TASK PROMPT
After locating the line that holds "Hotel Smile Kobuleti Εξωτερικό φωτογραφία", transcribe it and each following line to the end of the records, changing nothing and adding nothing.

AVAILABLE DATA START

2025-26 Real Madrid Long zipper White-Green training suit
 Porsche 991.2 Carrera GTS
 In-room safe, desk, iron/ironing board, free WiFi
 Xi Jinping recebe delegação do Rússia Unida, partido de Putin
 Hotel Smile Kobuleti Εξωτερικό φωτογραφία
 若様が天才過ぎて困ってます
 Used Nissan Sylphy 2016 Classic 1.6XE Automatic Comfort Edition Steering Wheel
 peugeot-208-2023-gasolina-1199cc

AVAILABLE DATA END

YOUR RESPONSE
 Hotel Smile Kobuleti Εξωτερικό φωτογραφία
 若様が天才過ぎて困ってます
 Used Nissan Sylphy 2016 Classic 1.6XE Automatic Comfort Edition Steering Wheel
 peugeot-208-2023-gasolina-1199cc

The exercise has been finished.